Wednesday, June 1, 2011

homo-identity-phobia

is it wrong to not care about the little furore over the removal of gay posters in brisbane bus shelters? because i really couldn't give a fuck.

i guess what makes me care less (and also feel quite agitated), is that people are getting angry, emotional, and somewhat 'activist' over this. but it's a kind of activism that means you have to 'like' and 'post' rampantly on facebook. it's a sad activism. she who posts loudest is the one who feels the most, right?

and i'm annoyed that it's quite militant. and i'm (just a little bit) aware that my response might also be militant. fighting anger with anger.

like in many segments of the social world there really is no discussion here. you're either a redneck or a progressive. you have no choice not to be outraged or supportive of such devastating oppression. oh please!

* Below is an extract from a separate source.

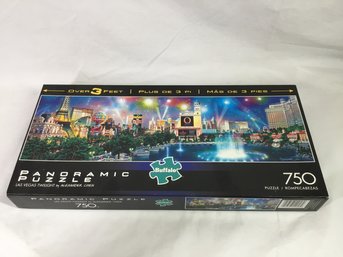 750 Piece Las Vegas Puzzle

as a man who fucks men i guess such ads are aimed at me. but i don't identify with these images; if anything i quite despise them. i don't need to see posters of two people in love while i'm waiting for the bus. i don't need to be reminded that 'my people' are a species that prioritises fucking. and i don't enjoy the gay poster boy aesthetics used by acon/qahc/vac. there's a certain brand of fag here, and it's not appealing to me at all. so sure, take the posters away, i don't mind. and maybe ask some questions about what's being marketed here. what does it mean to sell gay sexuality back to the gays?

what does it mean to sell (predominantly) white, clean, middleclass sexuality to the queers on the street? i'm not suggesting that i'm not these things; i am suggesting that these are not the standards that i wish to salute, protect, or even 'tolerate'. gay health advertising is not my favourite thing, so the more that posters are defaced and challenged (and rendered unsatisfactory), the better. but who has a moment to contemplate this amongst the shouts of homophobia?

an instantaneous politics of 'shut it down now' cannot have time to reflect on what's being sold by a dominant discourse of 'rights' and 'protection'. do we have the right to disagree? do i have a right not to care? must i always be a traitor? in a loud politics of victim vs. oppressor, where our sexual preferences (as in what we 'like') define our being, then maybe i can't be constructed any other way.